If I’m going to get him into bed by 8:00, that gives him four hours. Four hours to decompress, play, eat dinner, take a bath, enjoy a relaxed bedtime routine, and get into bed.
And that’s if he doesn’t have to be dragged around in the car to an older brother or sister’s baseball game or swim meet.
On those days, there’s hardly any time at all.
I find that I am telling my son to hurry up! so that he can wind down.
That’s messed up!
There’s not enough down time. Not enough play time.
And in a month when we turn the clocks back, he will have no time to play outside at all when he gets home.
He’s only five. It’s too much.
If most of his school day was made up of loads of opportunities to play and be creative, that would be one thing.
But it’s not.
Our five-year-olds don’t need to learn how to sit in a chair for extended periods of time.
They need to learn how NOT to sit in a chair for extended periods of time.
This morning my little guy came downstairs at 7:25. He was fully dressed. He did that on his own, which is saying something for his level of competence and independence at five years old.
“Mommy! I got myself dwessed so I have time to play with Legos before I go to school!” he told me.
He sat down in the kitchen and ate his breakfast with his sisters, finished up around 7:45, and went upstairs and brushed his teeth.
He came downstairs and I helped him put his sneakers on. We got his lunchbox out of the fridge and put it in his backpack and then got his sweatshirt on and zipped it up.
“Okay, Mommy!” he said, “I’m gonna go play now.”
It was 7:58 and we had to walk outside to wait for the bus in two minutes.
I told him he didn’t have time to play. And he started bawling.
He is admittedly a little bit dramatic at times, but in this instance, I can’t say I blame him.
My kindergartener does not have time to be a kid.
He needs lots of time to be a kid every single day. For like a whole bunch of hours.
That down time I mentioned earlier? That four hours between the minute he steps off the bus and the time his head should be hitting his pillow?
That doesn’t even include homework.
No, he doesn’t have a lot of homework.
But he has sight words he’s supposed to study and a calendar full of activities he’s supposed to complete each month.
And you know what?
He’s not doing it.
I am not making my kindergartener do homework.
His homework should be NOT doing homework.
His homework should be building the “robots” he likes to build with Legos, and chucking the apples in the backyard that have fallen off of the trees onto the ground at the fence and riding his bike and getting dirt under his fingernails and playing in the leaves and reading books with a grown up for pleasure and dressing up and playing cards and Candy Land and doing puzzles and swinging on the swings and playing in the sandbox and just, well, having fun.
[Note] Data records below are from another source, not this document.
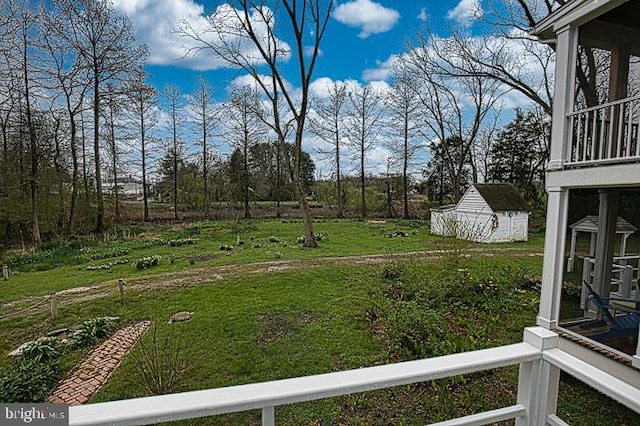 view of yard featuring a storage unit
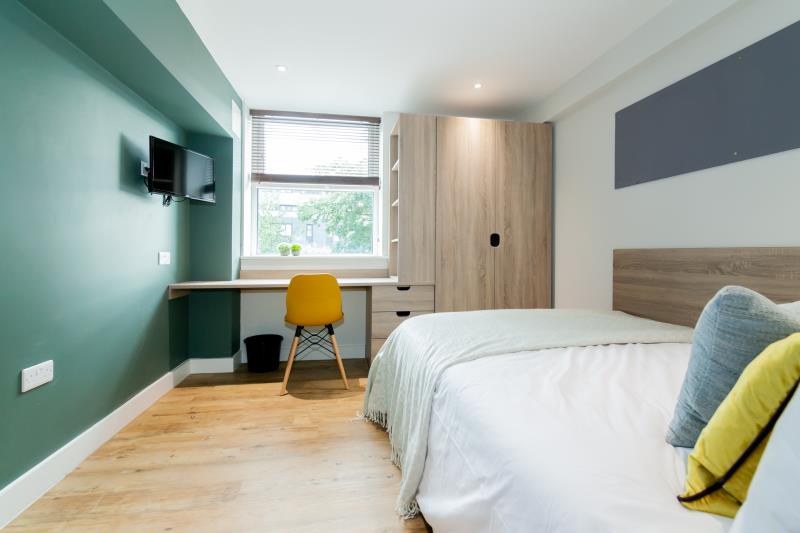 Flat 2, 42 Bankfield Road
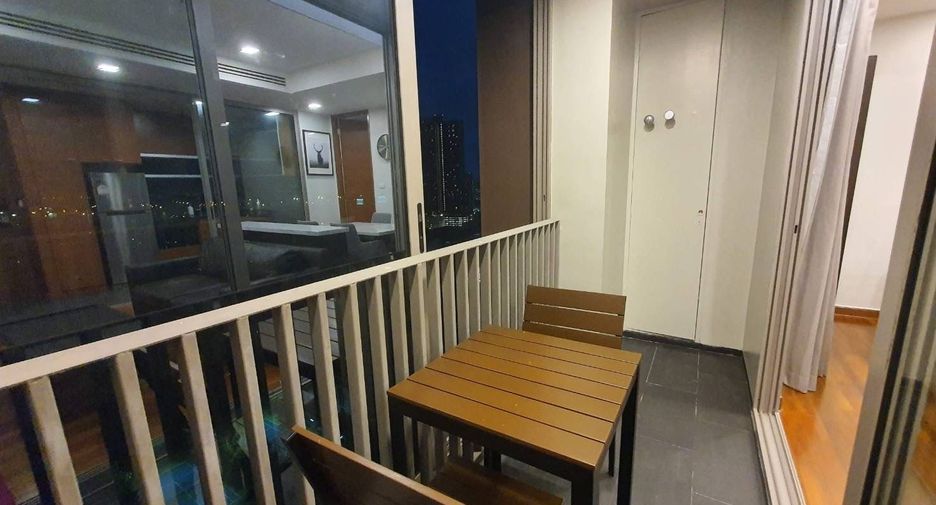 Condo en alquiler de 2 habitaciones en Khlong Toei, Bangkok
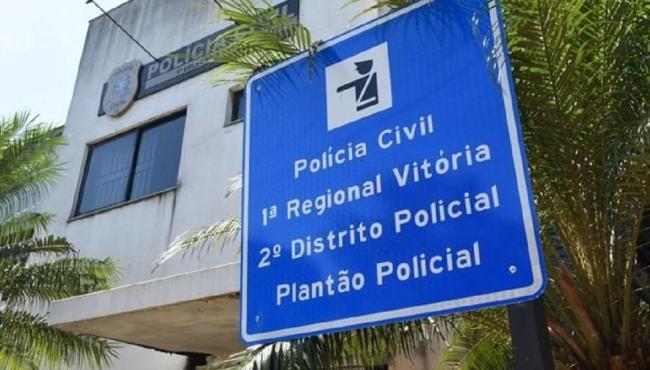 Pai é preso suspeito de abusar das filhas de 12 e 13 anos em Vitória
And if the majority of his day at school isn’t spent doing that stuff with other kids, well, then that is going to be my priority at home.
He’ll learn how to read. He’ll learn how to write. He’ll learn how to sit. He’ll be able to keep up with whichever foreign kids are apparently so much smarter than the ones here in the United States.
But I could give a rat’s ass if that happens this year.
This year, at least when he’s with me, the most important thing my kindergartener is gonna learn is how to keep having fun.